Brandwashed by Martin Lindstrom

In this podcast, I share my take on whether or not it's ethical to do research for advertising purposes to pregnant mothers and their babies in the womb.

This podcast is about the background information on the author Martin Lindstrom. This book describes how companies “brandwash” children at an early age. Companies use pregnant women for research on babies in the womb. Studies have shown that we determine our likes and preferences of brands and products by the age of 7, but Lindstrom believes it’s much earlier than that. It begins in the womb. In this podcast, I share my take on whether or not it’s ethical to do research for advertising purposes to pregnant mothers and their babies in the womb. It’s crazy to think that we are heavily influenced by what our mother does, see, hear or smell during her pregnancy. All of her decisions lead to our decisions in the future, and marketers and advertisers want to be the first to know.

9 Comments

  1. The idea of advertising to pregnant women, to reach the baby is crazy. While I feel like more research should be done before we can claim it as fact, it is clear that early childhood, even earlier than previously thought, is an essential time period for brands to make their first impressions on children/babies.

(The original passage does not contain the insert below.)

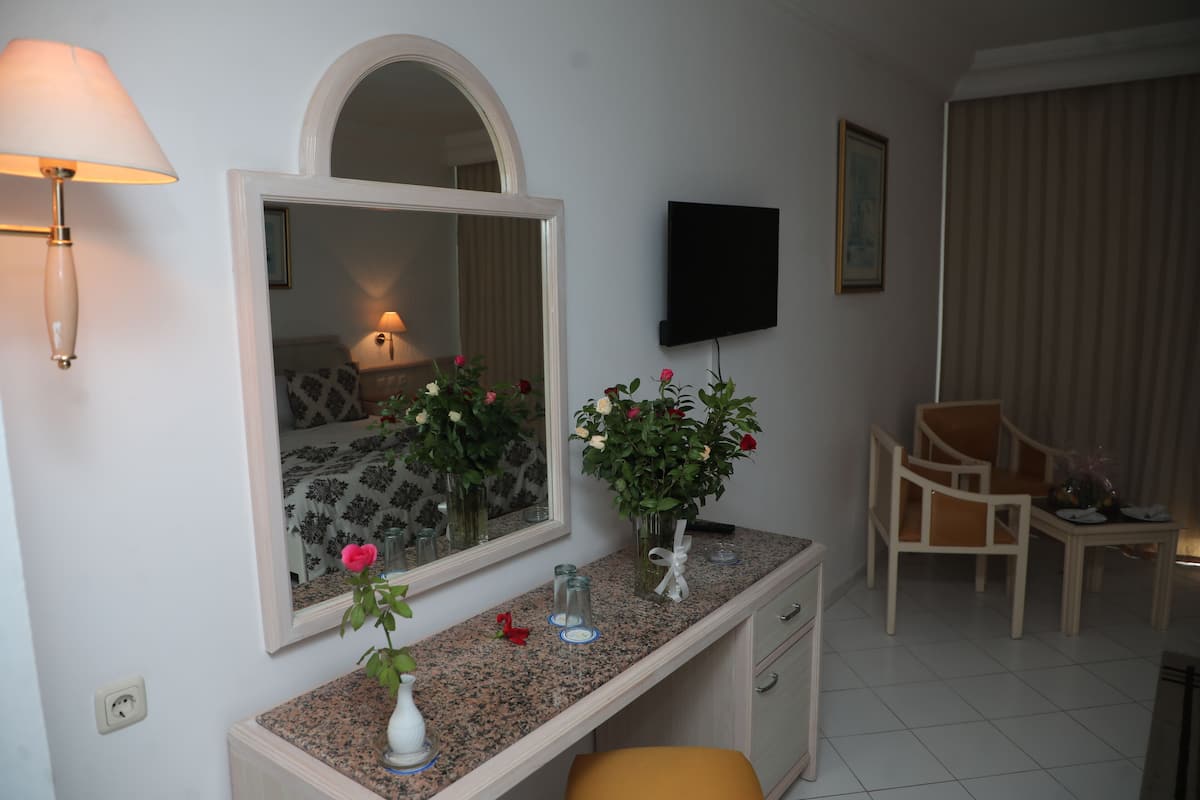 A hotel room with a vanity, a mirror, a television, a dining area with chairs, and a window with curtains.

  2. I definitely agree with you that Lindstrom isn’t the best writer, but his research is incredibly interesting! I think it’s cool that you pointed out that we as consumers are influenced when we’re in the womb and the study of the babies that showed a preference for a TV jingle. As marketers, this incredibly useful, but I agree that it’s not very ethical to target consumers before they’re even born and their mothers at this stage in life.

  3. Wow. This was really interesting. I never once considered the power of brands to this magnitude. The idea of brandwash is accurate, but to impact a mother and baby at such a intimate time, seems a bit cruel. I definitely think that the brand decisions I make today are because of the brands I grew up comfortable with. I hope it is not because of a jingle I heard in utero. That said, this was very new to me and I’m glad you shared this example.

  4. I think Martin Lindstrom’s work is fascinating. However, I’m a little skeptical of his claim that most of our brand preferences are decided before we turn 7. At that age, most of the things that we will buy in our lifetime have not yet become relevant to us. I’m sure that children form some brand preferences at very young ages, but to say “most” or our preferences are decided by age 7 seems like an exaggeration. The idea of marketing to pregnant women is an interesting concept that I haven’t heard before, but it seems like only huge brands have the resources to invest in something like this.

  5. Martin Lindstrom proposes very similar ideas about advertising to children to David Helm and Neil Postman. The topic of advertising to children has always been a point of interest to me, because I’ve always felt that children aren’t developed mentally and emotionally enough to fully grasp what’s being said and shown to them. The idea of children having brand preferences under the age of 7 is so shocking, but it ultimately makes me wonder if children are choosing these preferences because they’re conscious about the brands, or because they just decided they liked this brand because they remember it.

  6. Martin Lindstrom’s work is definitely fascinating. I’ve always heard that playing classical music to your child in the womb will possibly “make them smarter”, but I never thought hearing any sounds/music actually makes a difference. I definitely want to look into this topic more to see what other professionals are saying about Lindstrom’s findings.

  7. Wow. This sounds like a really interesting read! I can’t believe the priming methods stores used to make mothers and babies have an affinity to them. Personally, I think it’s sort of unethical, but I would love to learn more about the methodology and results.

  8. This book sounds awesome… I love the psychological side of advertising, there is so much information that relates I don’t know why the advertising curriculum at Temple does not include psychology courses as mandatory. Iv’e heard of the ways people try to make their babies smarter especially when in the womb from only eating specific foods to the classical music playing it is pretty crazy stuff! I think the connection with how children grow up around advertising is interesting because I’m sure it shapes their mind especially with today’s kids glued to the television and their smart phone… brands should be extra careful to not act unethically when it comes to advertising towards children since in the end it’s the parents purchasing but then again that kid could be a really great persuader…

  9. To know that we are targeted with advertising in the womb is fascinating! Knowing how far marketers go to advertise to a younger audience – I wonder what ads my mom was served with while she was carrying me. This book seems pretty interesting I’m gonna check it out!